Post by Sanat Kumar » Sun, 31 May 1998 04:00:00



> I have read several articles written by unix professionals saying that
> Linux is not for large enterprises but works great for webservers etc.
> Why is this?

> Thanks,

> Steve

Only that there is no SAP, Baan, i2, PeopleSoft or other
enterprise-level software available.

Linux is the best alternative to Micros**t Windows NT in just about any
smaller business, though.

Sanat

 
 
 

Why is Linux not good for large business?

Post by Steven H Mell » Mon, 01 Jun 1998 04:00:00


I have read several articles written by unix professionals saying that
Linux is not for large enterprises but works great for webservers etc.
Why is this?

Thanks,

Steve

 
 
 

Why is Linux not good for large business?
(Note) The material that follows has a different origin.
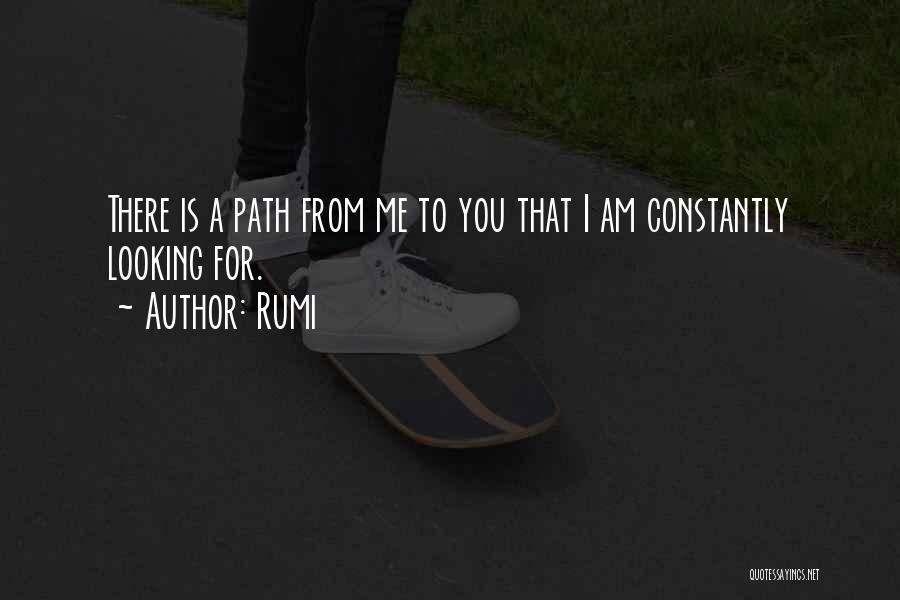 I Am There For You Love Quotes By Rumi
Post by F. Woodbrid » Mon, 01 Jun 1998 04:00:00



 I have read several articles written by unix professionals saying that
 Linux is not for large enterprises but works great for webservers etc.
 Why is this?

Steve, I have no idea who these "unix professionals" are and in which
articles they wrote the *you're spewing here.  I suspect you're
trolling.  If you aren't, know this:

Linux has come a very long way since version 0.99pl? when it was
essentially a toy.  Considering that Unix took a heck of a long
time to come this far, Linux's rise has been nothing short of meteoric.
It is stable, infinitely useable in just about any application environ-
ment you can think of and (God bless Linus) it's free!  Just because
one doesn't have to pay for something doesn't mean it's sub-standard.'
This frame of mind has kept some companies I almost worked for from
utilising such a great tool prefering to throw their lots in with the
more expensive (and therefore "better") Unices which eventually didn't
work as well!  Until the so-called Unix professionals take off their
damned blinkers, they'll remain Unix professionals!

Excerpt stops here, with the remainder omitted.